### Your objective:
In the records that follow, find the line containing "Whitewash Finish Mango" and the line containing "Villa-piscine avec vue", then transcribe both and every line between them exactly, omitting pictures.

### Material for this exercise:
───
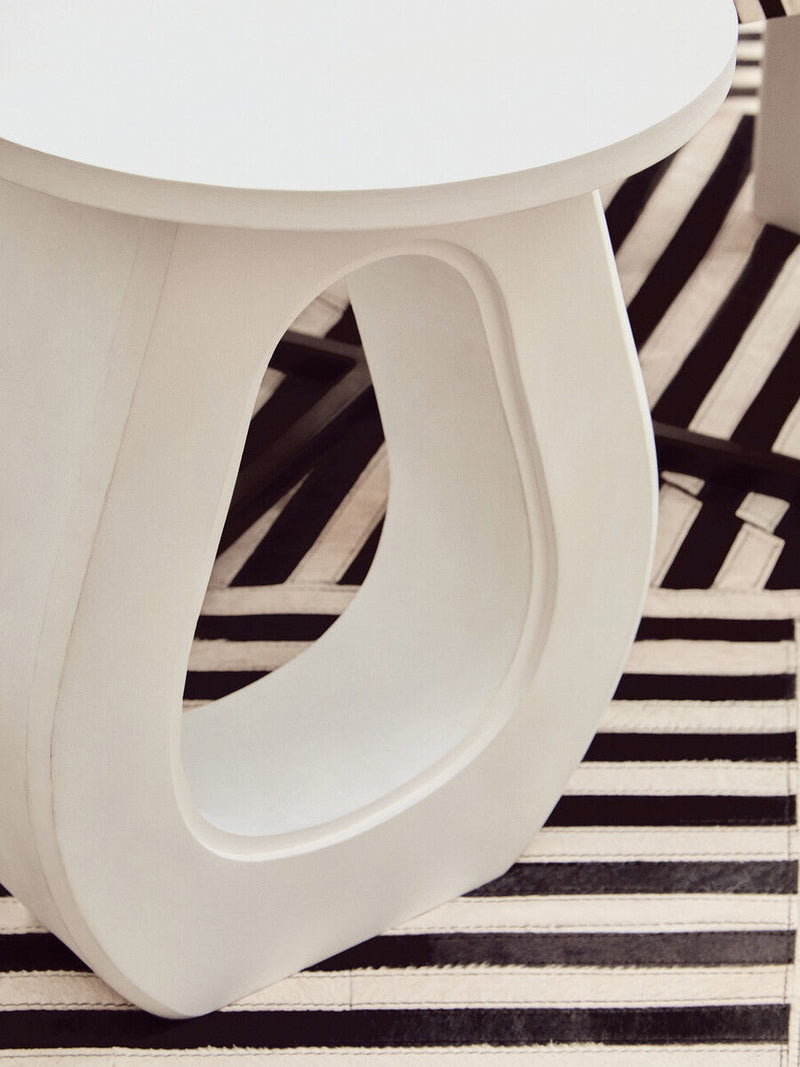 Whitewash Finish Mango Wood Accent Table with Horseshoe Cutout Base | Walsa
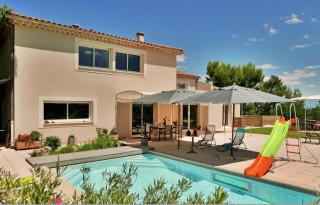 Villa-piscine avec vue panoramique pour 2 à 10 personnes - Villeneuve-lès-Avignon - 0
───
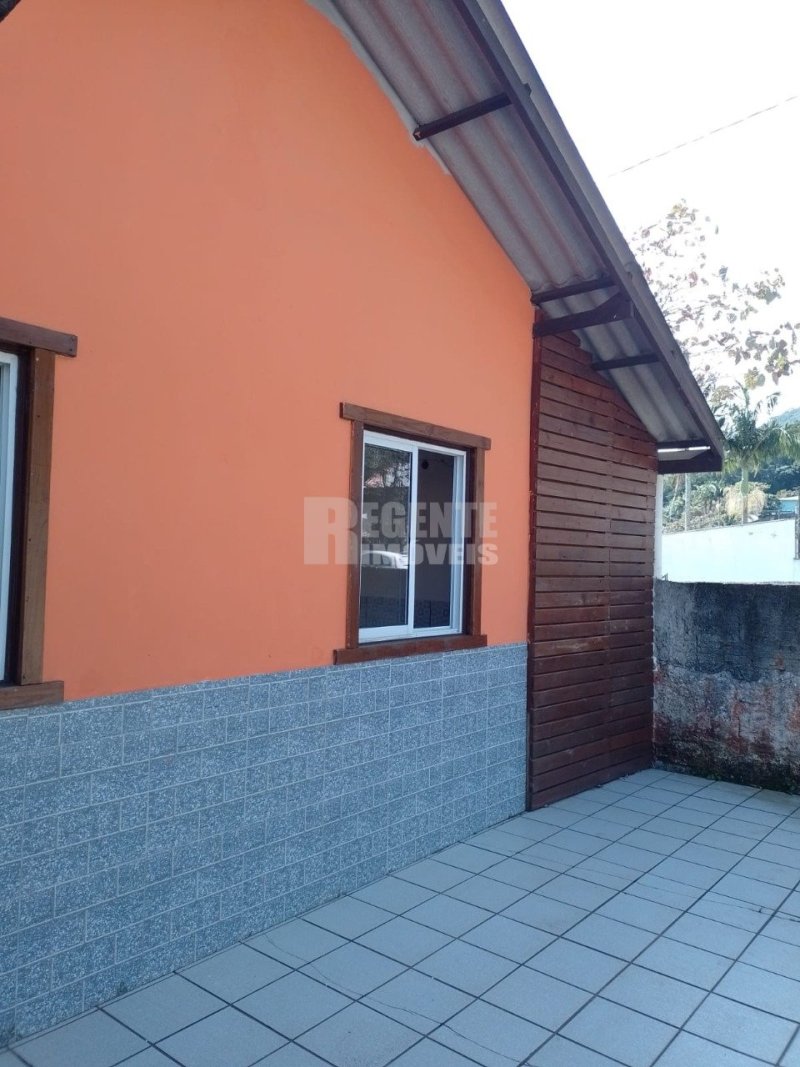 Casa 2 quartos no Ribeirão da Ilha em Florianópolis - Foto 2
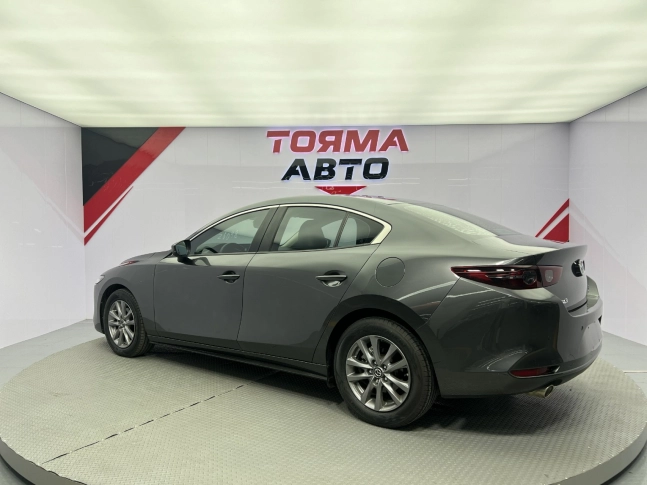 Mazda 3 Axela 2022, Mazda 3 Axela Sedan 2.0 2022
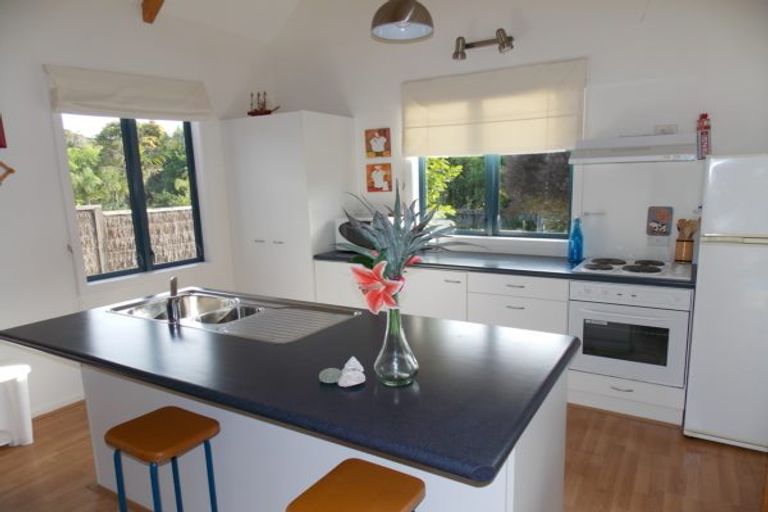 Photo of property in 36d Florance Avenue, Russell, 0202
───
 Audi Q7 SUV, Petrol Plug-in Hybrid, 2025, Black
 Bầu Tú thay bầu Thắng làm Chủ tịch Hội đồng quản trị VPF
───
### Response area:
 Whitewash Finish Mango Wood Accent Table with Horseshoe Cutout Base | Walsa
 Villa-piscine avec vue panoramique pour 2 à 10 personnes - Villeneuve-lès-Avignon - 0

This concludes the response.